What can be done about it?

The drone technology limitations won’t allow companies to replace couriers and delivery fleets with UAVs any time soon; however, it’s totally possible to use IoT-based and legacy logistics systems simultaneously!

That’s what Mercedes-Benz Vans did. The German car manufacturer partnered with Matternet, a Silicon Valley-based drone logistics start-up, to create a delivery system which uses both delivery vans and autonomous drones. The solution incorporates the Matternet cloud-based delivery platform facilitating order data management, QR codes which are placed on packages and contain pick-up and drop-off data and Mercedes-Benz vans which emit signals stronger than GPS to enable precise navigation. A drone loaded with small packages (up to 2 kilogram) reads the destination information on the QR code, flies all the way to a Mercedes delivery van and safely lands on its roof. A driver can then retrieve the package and deliver it at a receiver’s door.

 

Computer Vision as Key Enabler of the Drone Delivery Solutions

Recent studies show that 47% of Americans are interested in drone delivery; however, 72% of US consumers are concerned about possible package theft and damage associated with the service.

When talking about autonomous drone-based delivery solutions, it is the accuracy of smart algorithms which determine drones’ position in space, detect obstacles on the way and optimize routes that can make or break the whole concept.

As of today, 64% of UAV crashes are caused by technical errors including unstable GPS signal, battery drain and hardware and software failures.

Consequently, it is fault-free data acquisition and reliable hardware components (cameras and sensors pre-installed on a drone) that make UAVs ripe for commercial usage.

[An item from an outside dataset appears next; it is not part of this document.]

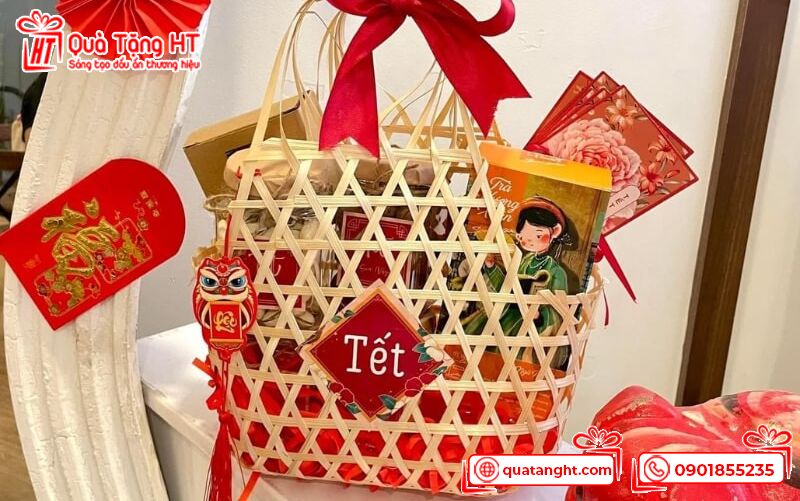 Giỏ quà Tết 100K đặc sản quê hương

Coupled with Digital Elevation Maps, Heat Detector and Lidar sensors, as well as high-resolution cameras and data management solutions with deep learning capabilities, computer vision (CV) technology facilitates a wide range of operations required for sound drone performance.

These include:

  • Real-time object tracking (drones should be able to capture raw imagery during the flight, process it using built-in intelligence systems and make changes to their route with no human interference).
  • Self-navigation (the ability to plan routes based on pre-set departure and destination coordinates).
  • Collision avoidance (CV can help drones detect static and moving objects; collision avoidance techniques usually rely on obstacle detection sensors and the Simultaneous Localization and Mapping (SLAM) technology which turns 2D imagery into 3D maps and works in sync with other sensors to detect obstacles in real time).

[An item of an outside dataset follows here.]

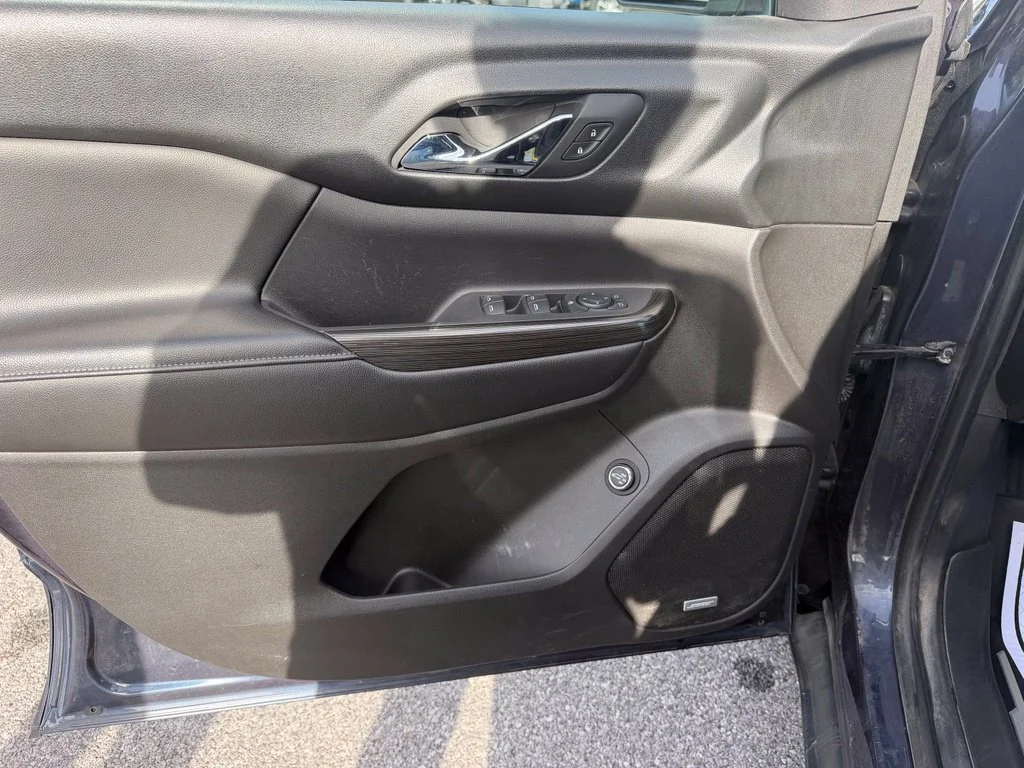Used 2018 BLUE STEEL METALLIC GMC SLT image 12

Thanks to multiple advances in sensor technology and Artificial Intelligence, smart delivery drones are no longer a sci-fi concept – it’s the reality we live in. Your decision to invest in drone-based delivery solutions, however, should be based on a thorough market research. As long as you partner with a reliable Internet of Things software development company, choose the right hardware components and plan a business infrastructure supporting fast, safe and convenient goods delivery, drones could give you a significant competitive advantage over your rivals.